In the twilight

Baked.

Baked.

Rated 4.0

Youth is Italian filmmaker Paolo Sorrentino’s second English-language picture, but it retains Sorrentino’s elegant Italian-ness. It’s redolent of Federico Fellini, his countryman and greatest cinematic forebear. It’s a movie where very little actually happens, but in which there is always a great deal going on—going on within the camera itself (in Luca Bigazzi’s often stunning cinematography) as well as in front of it.

Michael Caine plays Fred Ballinger, a renowned British composer and conductor, quietly reveling in his retirement at a picturesque spa in the Swiss Alps, a discreetly luxurious hotel where he has been staying regularly for over 20 years. It’s his home away from home, refuge and retreat—although from what exactly, we can only guess.

We first see Ballinger parrying the questions of an emissary from Queen Elizabeth II. The emissary (Alex Macqueen) has come to coax the maestro out of retirement to conduct a concert of his most famous composition for Prince Philip’s birthday celebration. The man even dangles a knighthood as an inducement, but Ballinger, ever polite, declines. “Why?” the man asks.

“Personal reasons.”

In time we will learn more about those personal reasons. The emissary will return, refusing to take no for an answer, and Ballinger’s studied politeness will crack, ever so slightly. The nature of those personal reasons constitute a major thread in what we can loosely term the “plot” of Youth.

Also at the spa is Mick Boyle (Harvey Keitel), an old friend of Ballinger’s and a movie director equally famous. Where Ballinger is content to withdraw from his art, Mick clings to his own with the tenacity of a man who fears he may not have time for all he has to say. He is at the spa with a cadre of young writers working on the screenplay of his next film, titled Life’s Last Day.

Oh dear, you wonder, is Youth as obvious as all that? Well, no. There are times when the movie feels as placidly shallow as the pools in which the spa’s guests soak themselves, but obviousness is not among its shortcomings. Sorrentino structures his story delicately, like a barista making pictures in the foam of a caffe latte, or a chef preparing a soup on low simmer, stirring constantly and gently.

Others at the spa figure in the story, such as it is. Chief among these are Ballinger’s daughter and assistant Lena (Rachel Weisz), whose solicitude fails to mask her resentment, and Jimmy Tree (Paul Dano), a serious young actor preparing for his next role—and trying to escape the shadow of a silly blockbuster where he played a robot.

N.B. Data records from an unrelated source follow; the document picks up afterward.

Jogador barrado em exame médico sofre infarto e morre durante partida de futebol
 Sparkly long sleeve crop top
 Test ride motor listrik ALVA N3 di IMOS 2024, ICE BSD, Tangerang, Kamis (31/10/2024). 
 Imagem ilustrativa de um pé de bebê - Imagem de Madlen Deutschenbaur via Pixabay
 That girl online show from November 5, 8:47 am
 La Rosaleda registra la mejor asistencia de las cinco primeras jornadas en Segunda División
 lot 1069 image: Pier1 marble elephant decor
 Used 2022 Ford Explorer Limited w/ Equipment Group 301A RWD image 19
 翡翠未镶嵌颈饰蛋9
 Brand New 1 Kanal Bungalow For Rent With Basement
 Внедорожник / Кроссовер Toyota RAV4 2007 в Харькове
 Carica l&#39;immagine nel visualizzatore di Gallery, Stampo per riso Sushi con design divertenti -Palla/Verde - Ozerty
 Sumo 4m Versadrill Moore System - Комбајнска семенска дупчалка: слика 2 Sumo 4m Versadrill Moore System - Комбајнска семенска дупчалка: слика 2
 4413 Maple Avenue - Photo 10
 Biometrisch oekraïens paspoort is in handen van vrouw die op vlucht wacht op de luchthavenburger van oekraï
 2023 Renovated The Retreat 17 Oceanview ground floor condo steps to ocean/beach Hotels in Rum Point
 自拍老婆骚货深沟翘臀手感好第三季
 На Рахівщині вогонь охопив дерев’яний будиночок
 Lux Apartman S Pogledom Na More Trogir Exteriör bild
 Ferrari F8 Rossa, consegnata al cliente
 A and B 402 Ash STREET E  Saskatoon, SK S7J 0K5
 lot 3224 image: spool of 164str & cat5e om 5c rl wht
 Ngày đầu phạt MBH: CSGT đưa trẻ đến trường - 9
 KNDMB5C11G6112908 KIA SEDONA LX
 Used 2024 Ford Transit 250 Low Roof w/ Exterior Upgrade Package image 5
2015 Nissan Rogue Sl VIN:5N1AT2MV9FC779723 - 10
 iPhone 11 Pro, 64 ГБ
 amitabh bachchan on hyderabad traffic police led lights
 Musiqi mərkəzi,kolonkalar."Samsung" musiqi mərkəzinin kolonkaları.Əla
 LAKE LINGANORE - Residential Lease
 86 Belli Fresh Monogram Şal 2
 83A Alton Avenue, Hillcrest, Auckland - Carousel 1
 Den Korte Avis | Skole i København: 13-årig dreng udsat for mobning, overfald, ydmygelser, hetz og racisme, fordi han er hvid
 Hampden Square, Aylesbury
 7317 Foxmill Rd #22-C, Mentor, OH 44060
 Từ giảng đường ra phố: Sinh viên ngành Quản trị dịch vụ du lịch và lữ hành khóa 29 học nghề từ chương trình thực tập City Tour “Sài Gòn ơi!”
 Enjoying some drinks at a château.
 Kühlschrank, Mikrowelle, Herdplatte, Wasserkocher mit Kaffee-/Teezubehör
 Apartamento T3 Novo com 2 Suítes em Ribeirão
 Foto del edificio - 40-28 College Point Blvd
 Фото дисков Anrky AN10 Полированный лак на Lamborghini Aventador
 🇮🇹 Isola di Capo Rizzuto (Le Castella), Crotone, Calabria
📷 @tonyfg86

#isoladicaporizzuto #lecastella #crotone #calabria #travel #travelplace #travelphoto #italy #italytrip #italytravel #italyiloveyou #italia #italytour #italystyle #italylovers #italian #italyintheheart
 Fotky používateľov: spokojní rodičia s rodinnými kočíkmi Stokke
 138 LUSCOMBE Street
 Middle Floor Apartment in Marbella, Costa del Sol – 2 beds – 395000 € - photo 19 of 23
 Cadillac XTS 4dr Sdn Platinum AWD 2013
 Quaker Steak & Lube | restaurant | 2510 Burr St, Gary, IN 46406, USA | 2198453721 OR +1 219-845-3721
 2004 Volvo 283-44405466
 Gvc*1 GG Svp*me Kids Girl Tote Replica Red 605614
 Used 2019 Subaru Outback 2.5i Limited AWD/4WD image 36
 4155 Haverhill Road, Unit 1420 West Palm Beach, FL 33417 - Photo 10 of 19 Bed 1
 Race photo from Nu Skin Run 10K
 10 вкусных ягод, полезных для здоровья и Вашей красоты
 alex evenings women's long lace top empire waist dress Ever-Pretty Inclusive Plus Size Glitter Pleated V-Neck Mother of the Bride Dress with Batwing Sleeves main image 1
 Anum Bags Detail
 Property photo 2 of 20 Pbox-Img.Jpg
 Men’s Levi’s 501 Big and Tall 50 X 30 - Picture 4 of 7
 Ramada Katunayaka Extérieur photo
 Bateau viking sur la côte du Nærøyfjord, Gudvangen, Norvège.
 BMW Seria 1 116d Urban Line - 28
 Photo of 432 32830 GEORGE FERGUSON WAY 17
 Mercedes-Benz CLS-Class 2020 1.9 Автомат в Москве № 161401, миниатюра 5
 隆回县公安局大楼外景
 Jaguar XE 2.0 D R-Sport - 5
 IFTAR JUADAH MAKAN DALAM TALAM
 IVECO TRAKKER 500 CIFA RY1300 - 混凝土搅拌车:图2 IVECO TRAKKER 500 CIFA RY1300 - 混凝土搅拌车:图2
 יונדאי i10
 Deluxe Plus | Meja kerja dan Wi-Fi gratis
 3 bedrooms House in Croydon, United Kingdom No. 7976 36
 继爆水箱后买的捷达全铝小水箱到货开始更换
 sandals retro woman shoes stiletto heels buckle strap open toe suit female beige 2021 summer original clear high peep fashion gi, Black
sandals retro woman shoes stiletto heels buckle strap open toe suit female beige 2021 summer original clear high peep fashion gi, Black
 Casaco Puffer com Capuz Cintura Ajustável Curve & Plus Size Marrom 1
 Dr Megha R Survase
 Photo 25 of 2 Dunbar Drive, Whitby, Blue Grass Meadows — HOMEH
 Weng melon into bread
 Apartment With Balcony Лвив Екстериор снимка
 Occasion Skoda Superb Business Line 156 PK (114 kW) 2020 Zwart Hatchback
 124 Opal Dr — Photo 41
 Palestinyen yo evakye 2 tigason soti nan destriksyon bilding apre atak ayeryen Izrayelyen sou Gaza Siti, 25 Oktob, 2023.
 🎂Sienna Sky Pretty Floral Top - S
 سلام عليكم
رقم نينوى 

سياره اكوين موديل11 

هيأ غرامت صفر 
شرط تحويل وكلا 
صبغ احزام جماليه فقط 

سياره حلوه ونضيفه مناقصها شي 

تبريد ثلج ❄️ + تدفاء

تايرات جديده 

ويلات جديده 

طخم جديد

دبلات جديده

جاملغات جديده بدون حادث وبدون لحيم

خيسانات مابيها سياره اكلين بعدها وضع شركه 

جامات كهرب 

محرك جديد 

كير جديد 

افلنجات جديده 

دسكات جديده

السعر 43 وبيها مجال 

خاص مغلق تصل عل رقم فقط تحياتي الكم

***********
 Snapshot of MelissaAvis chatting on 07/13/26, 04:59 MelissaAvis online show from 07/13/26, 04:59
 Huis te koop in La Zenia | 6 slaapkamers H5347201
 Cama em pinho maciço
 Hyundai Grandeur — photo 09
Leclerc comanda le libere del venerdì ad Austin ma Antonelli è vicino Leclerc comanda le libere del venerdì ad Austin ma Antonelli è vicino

How all these characters, and others glimpsed in passing, weave and flow around each other is Youth’s sensual pleasure, and best not to say too much here; when so little “happens” in a movie, the risk of spoilage is high. But there’s a ruefully telling moment late in this visually voluptuous movie that can’t pass unremarked: Mick is confronted by the star of 11 of his movies (Jane Fonda, acidly funny), who breaks the news that she’s taking on a TV series and won’t be in Life’s Last Day. “Television is the future, Mick,” she says. “To tell the truth, it’s the present.”

No doubt. But movies like Youth, rare as they may be, belie the epitaph.